Other festive traditions we have:
- We pick one night to go look at Christmas lights – but we don’t tell the kids when it’s coming. We put them to bed as normal and then go come back in 5 minutes later and say, “just kidding!” We pile in the car in pajamas with hot chocolate and listen to Christmas music while driving around town looking at the light displays. Sometimes I research and map it out – and other times we just drive around. My husband drives and I flip a coin – if it’s heads, we turn right, if it’s tails, we turn left.
- This year we went on Amazon and my kids each chose one gift they would love to get for Christmas. We bought the presents and then donated them to kids at the Baptist Children’s Home.
- Christmas Fridays: Every Friday we get together with my family (Grandma, Aunt, and Cousins) and bake something delicious, do a Christmas craft, and watch a Christmas movie.
- We buy our kids a new Christmas ornament each year that represents something they’re interested in from that year. I attach a little tag and write the year on it. When they move out they will have a good ornament collection started for their own tree.
- Every year in the week between Christmas and New Years my husband and I get a baby-sitter and go on a special date to reminisce over the past year and dream and plan for the coming year. It’s a fun time to get dressed up, talk about God’s goodness to our family, and connect as a couple without cutting anyone else’s food or picking up broken crayons off the floor.
Rest Brings Freedom
Too often we think the holidays just have to be over-busy, stressful, and chaotic. But we are in charge of so many aspects of the holiday season! You and your husband get to decide what works the best for your family in this season of life.
You have the freedom:
- To say no: You don’t have to accept every invitation. Once you have your priorities set, you can honestly tell people that you just can’t fit their party or their Christmas caroling event in this year. My party threshold is very different from my introverted husband’s. Three events in one weekend is way too much for him. So we discuss and decide which one is the priority and then say no to the others. Or he keeps the kids home and I go if it’s something that I really want to attend.
- To do things for your family and no one else: You can and should enjoy sweet memories that don’t have to be picture-perfect or Instagram-worthy. The world doesn’t have to be invited into your living room for every tradition. Put your phone in another room. Just embrace the imperfection and be present.

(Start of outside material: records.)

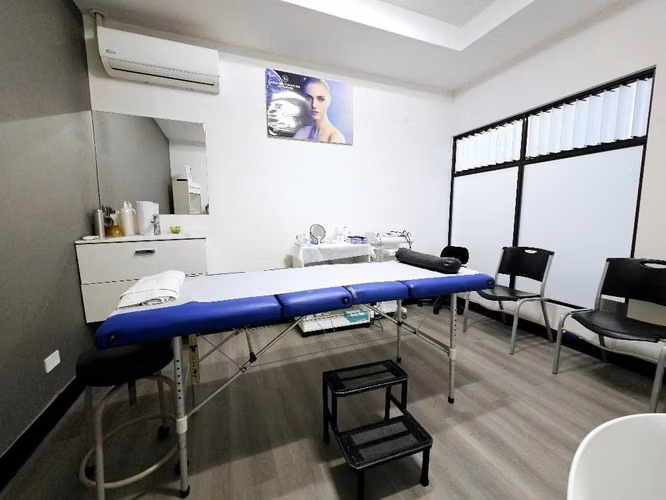 SE ALQUILAN CONSULTORIOS EN CLINICA EN PASEO COLON - Imagen 4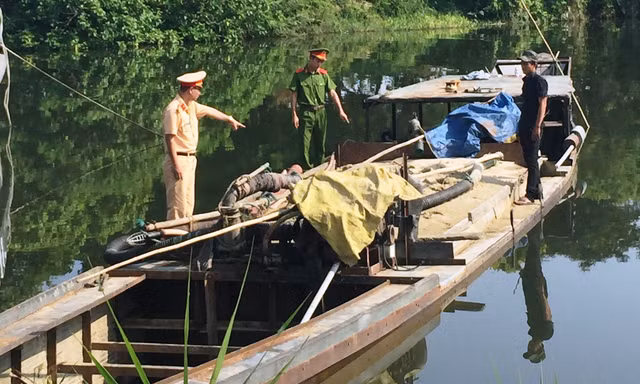 Xử lý tàu thuyền khai thác cát trái phép trên sông Hương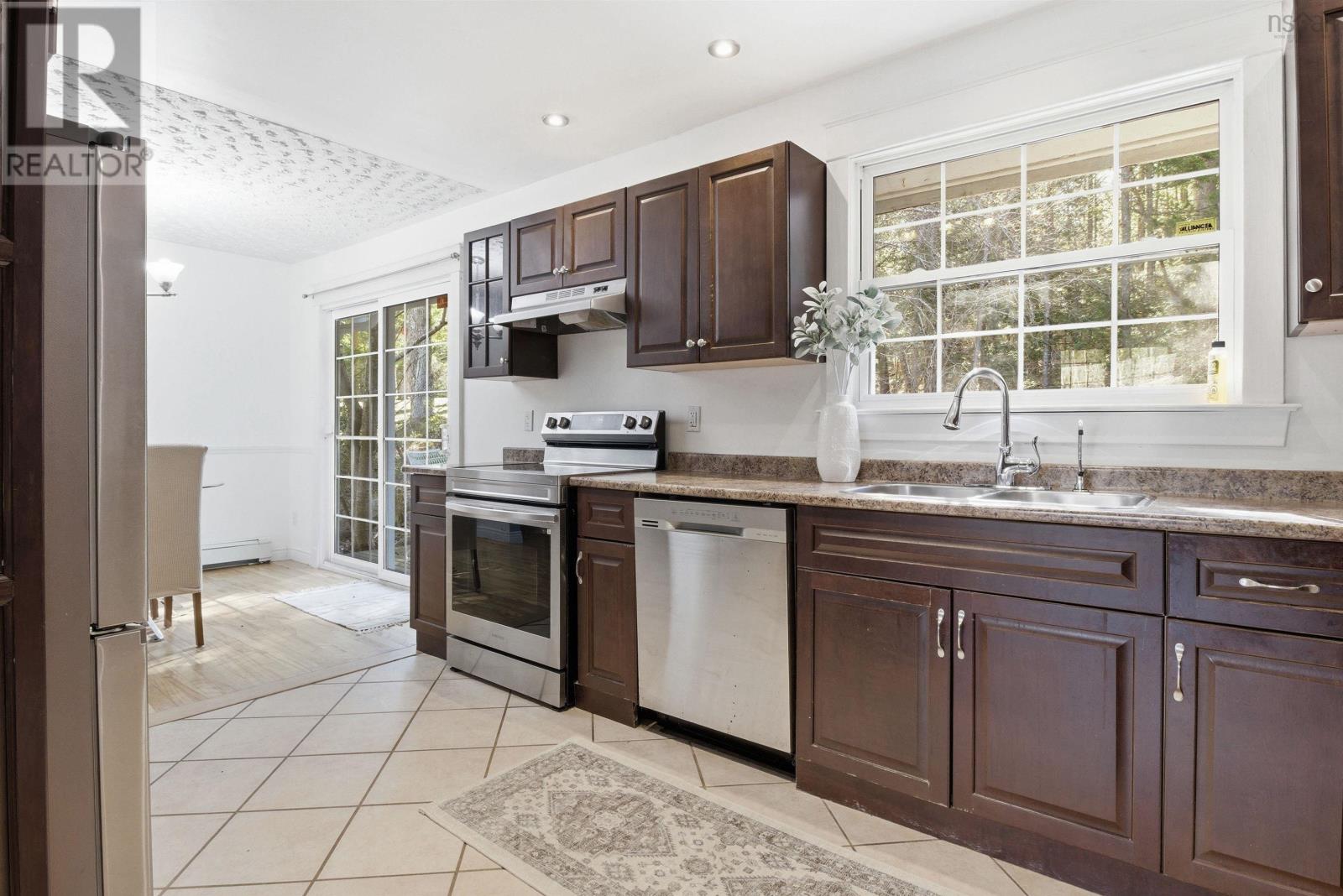 39 Robert Street - 13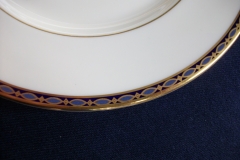 MINTON ST JAMES- SALAD PLATE   .....   https://www.jaapiesfinechinastore.com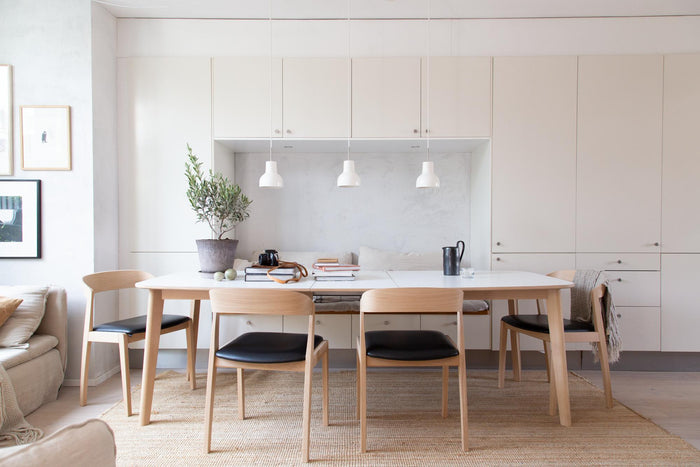 SM 119 Dining Table
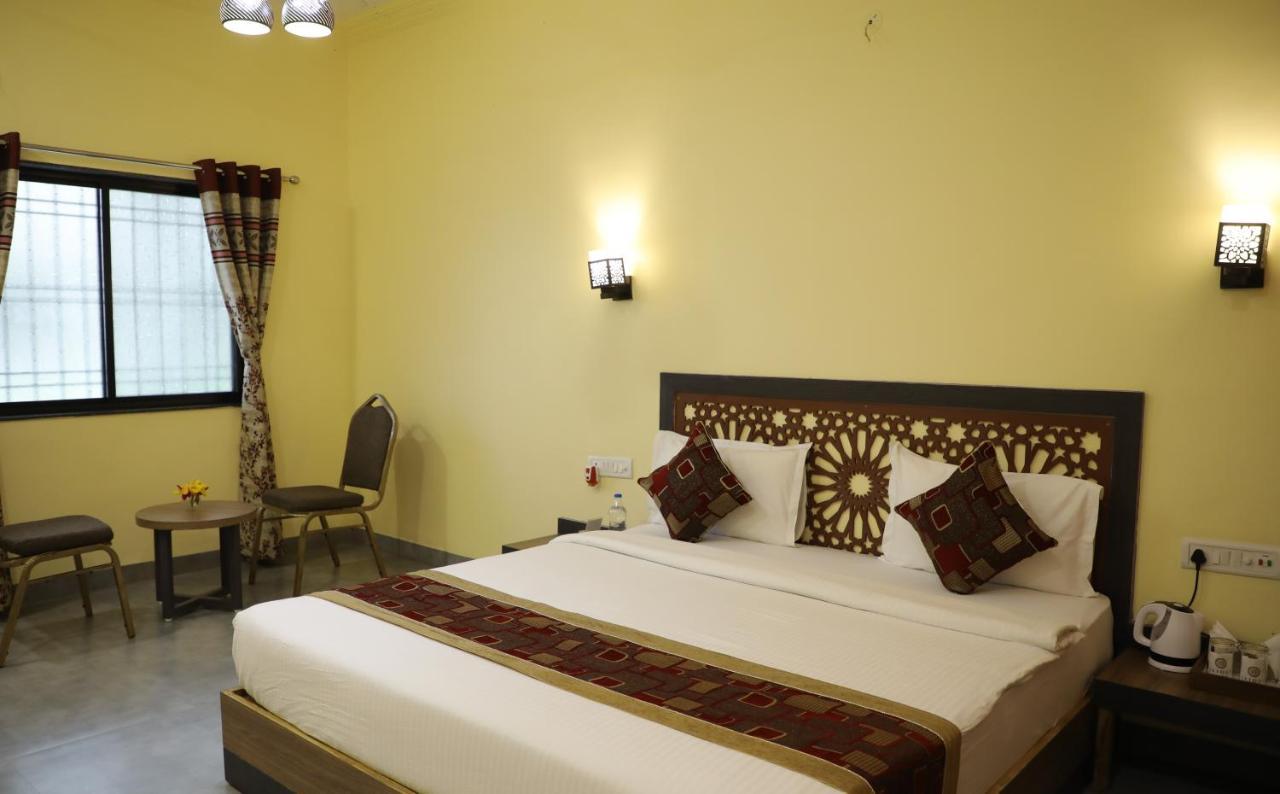 Jaidev Farms And Resort Chhindwāra Buitenkant foto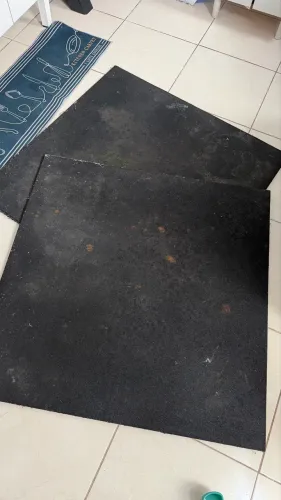Piso emborrachado 2 placas 1m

- To change your mind: Not everything becomes a yearly tradition. Just because you did something once doesn’t mean you have to do it again. Also, just because you didn’t do something one year doesn’t mean you can’t bring it back. For many years we did the unwrapping 25 books every day in December to count down to Christmas. My husband works in a library, as a teacher I have an extensive children’s book collection – i.e. we love books! But the tradition just didn’t work for our family – my kids were constantly fighting over whose turn it was, they didn’t want to read the one they unwrapped, they got tired of unwrapping gifts (which made Christmas a little less special), etc. So last year I stopped the tradition. Now I put all of the books in a big basket on our fireplace hearth and just randomly pick one and yell “Christmas story time!” and we snuggle on the couch to read it. No fighting, no fuss, no staying-up-past-midnight wrapping all of these books. Just sweet time as a family – and isn’t that what it’s all about?
- To set expectations: After years and years of traveling across the country for holidays, we decided that we will be at home on Christmas morning. It is important to my husband and I that my kiddos wake up in their beds and we spend a quiet morning, just the 5 of us.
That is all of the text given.